Dalam keterangan resminya, Bondan Andriyanu, Jurukampanye Iklim dan Energi Greenpeace Indonesia menuturkan, data kualitas udara yang terdapat dalam aplikasi Udarakita diambil dari rerata harian alat pemantau kualitas udara yang diletakkan di 50 titik pemantauan yang tersebar di Jabodetabek dan beberapa kota lain di Indonesia.

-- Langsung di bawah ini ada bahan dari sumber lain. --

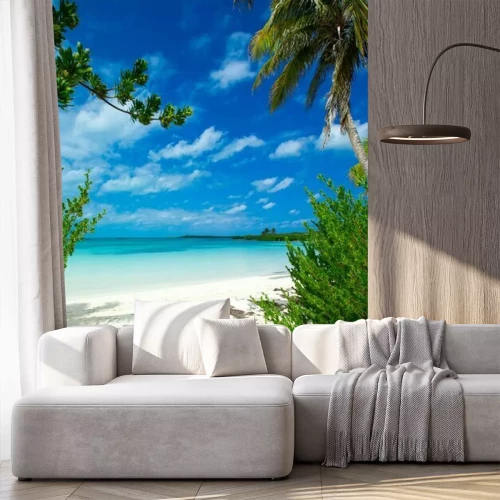 Fototapete Meer 3D mit Palmen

“Tingkat polusi udara di kota besar seperti Jakarta sudah sampai pada tahap yang cukup mengkhawatirkan, sehingga ini yang membuat kami menghadirkan aplikasi kualitas udara yang dihirup,” ujar Bondan
Lebih jauh Bondan menjelaskan, pada semester pertama 2016, tingkat polusi udara Jakarta sudah berada pada level 45 μg/m3, atau 4,5 kali dari ambang batas yang ditetapkan Organisasi Kesehatan Dunia (WHO).

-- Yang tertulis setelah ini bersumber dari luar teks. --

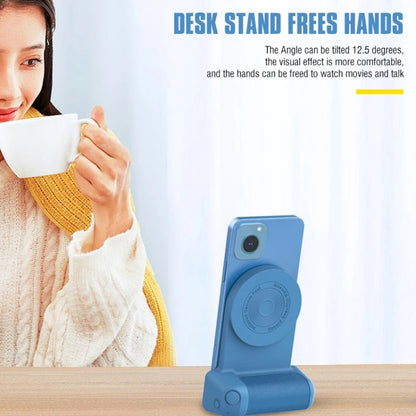 Camera Shape Bluetooth Magnetic Rotating Photo Handle Desktop Stand, Color: Dark Blue Upgraded Model - Phone Remote Control by buy2fix | Online Shopping UK | buy2fix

Dalam sebuah laporan Greenpeace bersama Harvard, polusi udara yang berasal dari pembangkit listrik batubara dapat meningkatkan risiko kematian dini hingga mencapai 6.500 jiwa setiap tahunnya, 115 di antaranya adalah anak-anak yang mengalami infeksi saluran pernafasan bawah.
Tidak hanya itu Laporan WEO menghitung 70.000 potensi kematian dini akibat polusi udara di Indonesia pada tahun 2015 dan dapat meningkat sampai 140.000 kasus di tahun 2040, apabila tidak ada langkah berarti yang dilakukan untuk mengurangi sumber polutannya .
“Sumber polusi udara di kota besar di Indonesia, kebanyakan berasal dari transportasi dan pembangkit tenaga listrik, yang masih mengandalkan bahan bakar fosil. Sedangkan polutan udara yang dinilai paling berbahaya adalah PM 2.5, yang dapat menyebabkan berbagai penyakit pernapasan serius bahkan hingga kanker paru.,” ujar Bondan lagi
Tingginya kadar polusi udara di kota-kota besar ternyata belum mendapatkan perhatian khusus dari pihak pemerintah. Hal ini dapat dilihat dari minimnya alat pemantauan kualitas udara yang datanya dapat diakses oleh masyarakat, khususnya bagi kota-kota yang memiliki tingkat polusi tinggi seperti Jakarta dan Bandung.
Lewat aplikasi ini, Greenpeace mengajak masyarakat di kota-kota besar di Tanah Air untuk mulai peduli terhadap kondisi udara sekitar dan menjadi lebih sadar terhadap dampak kesehatan yang dapat kita derita akibat polusi udara.
Aplikasi Udarakita tak bisa digunakan oleh sembarang orang. Mereka yang menggunakan UdaraKita harus terlebih dahulu memberitahu pihak Greenpeace Indonesia jika ingin menjadi relawan. Bagi calon relawan yang ingin menggunakan aplikasi Udarakita, harus terlebih dahulu membeli Laser Egg. Alat ini sudah dijual bebas di beberapa e-commerce dengan harga berkisar Rp1,5 juta.
Bila sudah memiliki alatnya, Greenpeace Indonesia akan memberikan sejumlah syarat yang harus dipenuhi mulai dari tempat pemasangan Laser Egg hingga teknis pemasangan alat. Tujuannya agar data yang didapat lebih akurat.
Bila lolos seleksi Greenpeace, calon relawan cukup memberitahu lokasi serta barcode yang tertera pada Laser Egg miliknya kepada Greenpeace Indonesia. Selanjutnya, barcode dan lokasi itu akan dimasukkan dalam sistem dan relawan sudah bisa online memantau kualitas udara melalui aplikasi. Pemantauan kualitas udara juga bisa langsung dibagikan ke media sosial seperti Twitter.
Bondan menjelaskan bahwa pihaknya cukup selektif terkait pemberian akses untuk memantau kualitas udara melalui Udarakita. Pasalnya, data yang terekam harus bisa dipertanggungjawabkan. Itu sebabnya kelima puluh Laser Egg yang mereka sebar bukan ditempakan di rumah sembarang orang, melainkan di beberapa rumah staf Greenpeace Indonesia.
Aplikasi Udarakita saat ini baru tersedia di Google Play Store. Menurut Bondan, pihaknya tengah menunggu sekitar dua minggu hingga satu bulan agar aplikasi ini bisa tersedia di Apple App Store.